The 12th of june 2019 we had the first workgroup meeting on  olfactomics at SLU Alnarp, Sweden

Insect olfaction: from mapping sensory responses to application

SLU Alnarp, June 12th

AM: Seminars

09:00 – 09:10

Teun Dekker
SLU, Sweden


09:10 – 09:35

N. Kirk Hillier
Acadia University, Wolfville, Canada

Comparative investigations of blend coding and discovery of novel ligands – fundamentals and applications

Economically-important pest and model insect species dominate studies of insect olfaction, due to their impact on human agriculture, forestry and health.  Using recent advances in our understanding of olfactory function and phylogenetic relationships, we are in a position to make advances in insect management translatable to wide array of species.  In this presentation will use examples of comparative studies on moths, beetles and acarine (ticks and mites) pests species which provide a basis for investigating blend coding and new applications in management.

09:35 – 10:00

Bela Molnár
Plant Protection Institute, Budapest, Hungary

Tiny midges versus mega blends – how gall midge olfaction is shaped by ecology and phylogenetic relationship.

Ephemeral gall midges constitute excellent models for investigating the role of olfaction in host choice, host shift, and speciation.

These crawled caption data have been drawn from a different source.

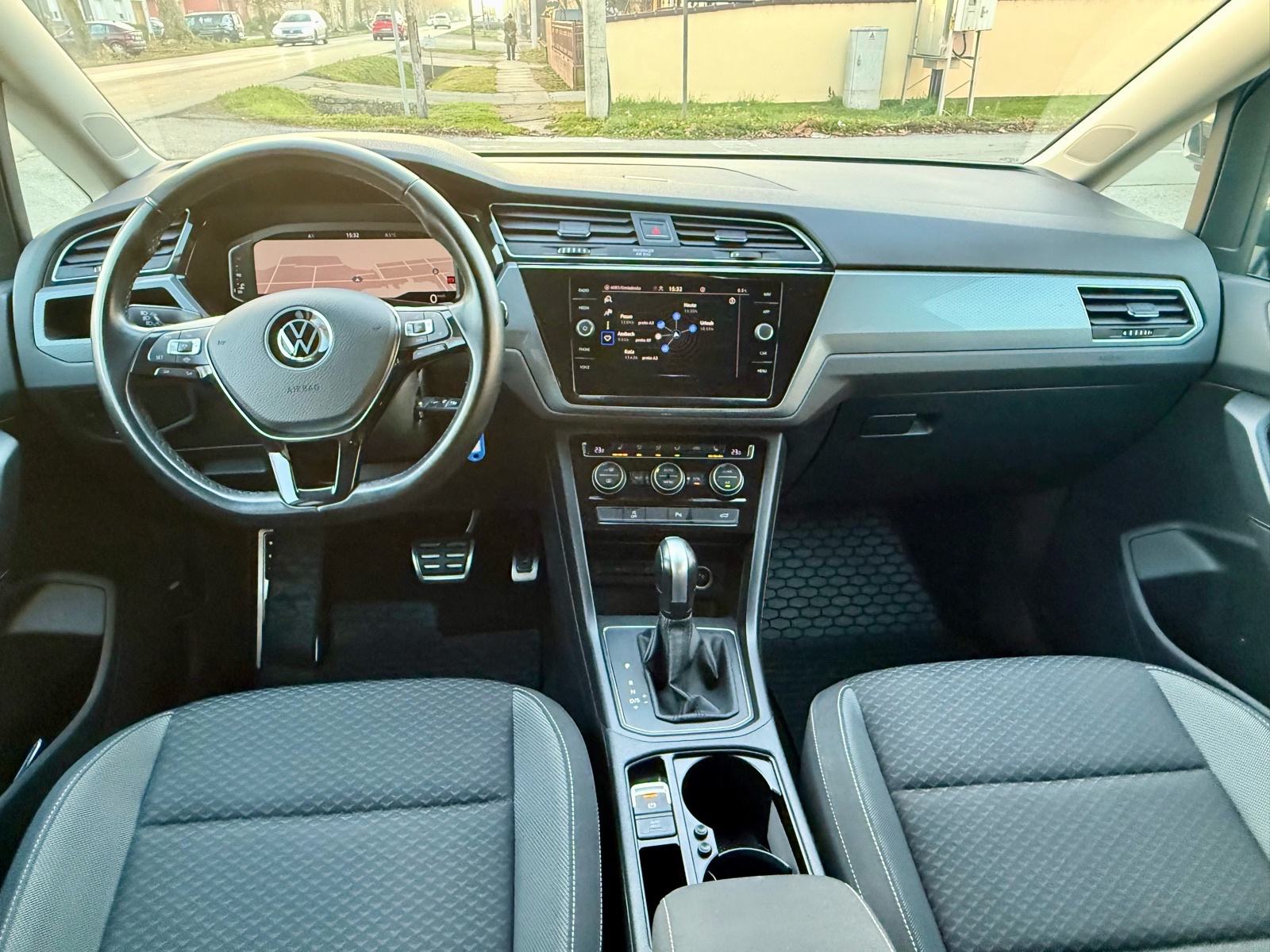 VW Touran 2.0 TDI - DSG - VIRTUAL - 7 sjedala - LED - god 2021 - PDV, fotografija 4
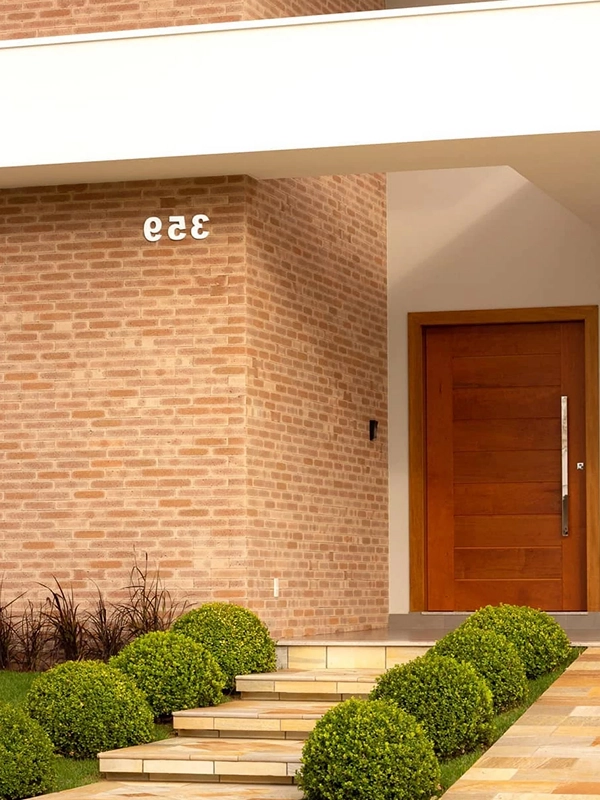 parede da fachada em combinação com o jardim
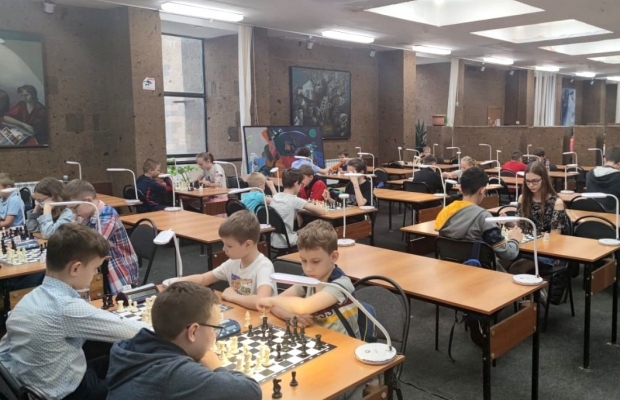 Более ста юных шахматистов приняли участие в турнире на призы победителей конкурса "Лидеры Дона"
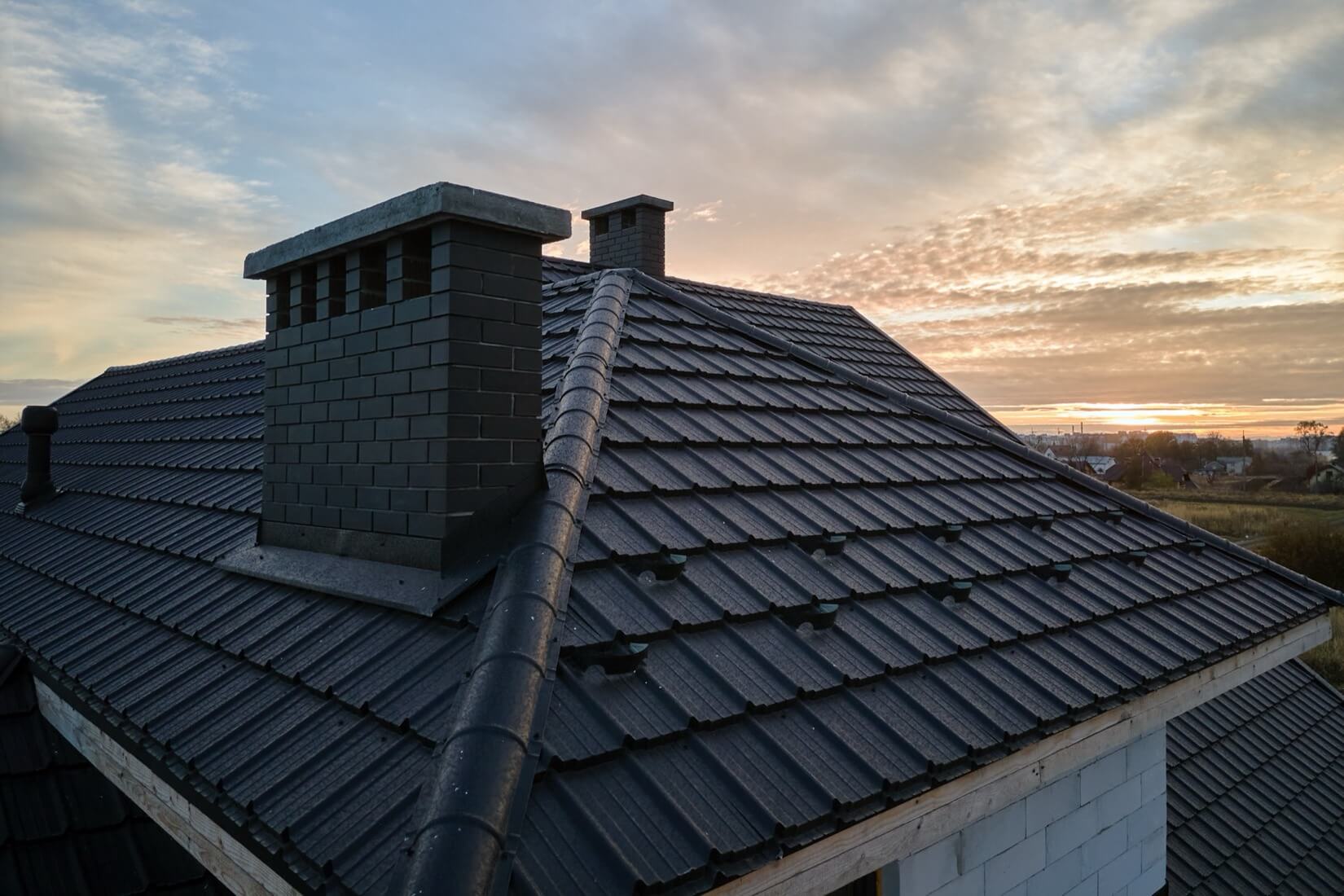 Ge huset ett nytt utseende med tak i unik design med betongplattor i Vara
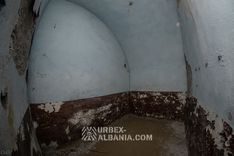 Bunkers d'Artillerie L-EA avec Tunnels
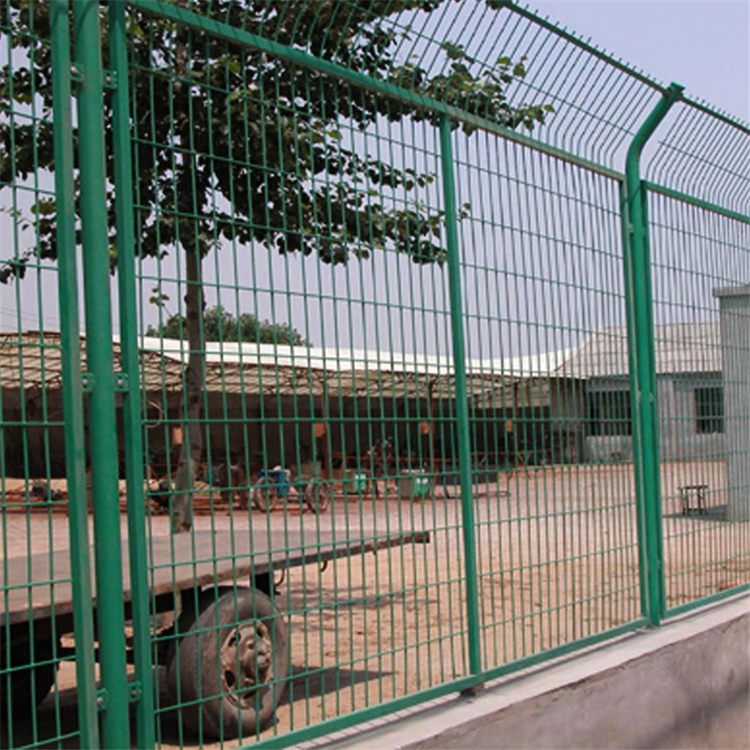 高速公路護欄網圖片4 高速公路護欄網圖片4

Midges mate near their site of emergence and females migrate in order to locate hosts for oviposition, thus females are expected to be more responsive to olfactory cues emitted by the host compared to males. We explored the correlation between host choice and the function of the peripheral olfactory system in 12 species of gall midges, including species with close phylogenetic relationships that use widely different host plants and more distantly related gall midge species that use similar hosts.


Sebastian Larsson Herrera
SLU, Sweden

From investigating single species to performing en-mass comparative olfactory studies

Olfactory studies using electrophysiology are cumbersome and rarely comparative, when performed in a standardized manner the rate at which data is gathered can be significantly sped up. Such data can form massive databases cutting across taxa, allowing us to identify what are the drivers that shape the sense of smell in insects. Using a few Tephritidae species we found sets of shared volatiles that were detected by all fruit flies, and that is more attractive than fruits. We have also identified how the ecology of fruit flies species can override phylogenetic relation in shaping the sense of smell.




Vincent Jacob
CIRAD, la Reunion

Shared versus orphan olfactory clues in Tephritid fruit flies: which lead the way ?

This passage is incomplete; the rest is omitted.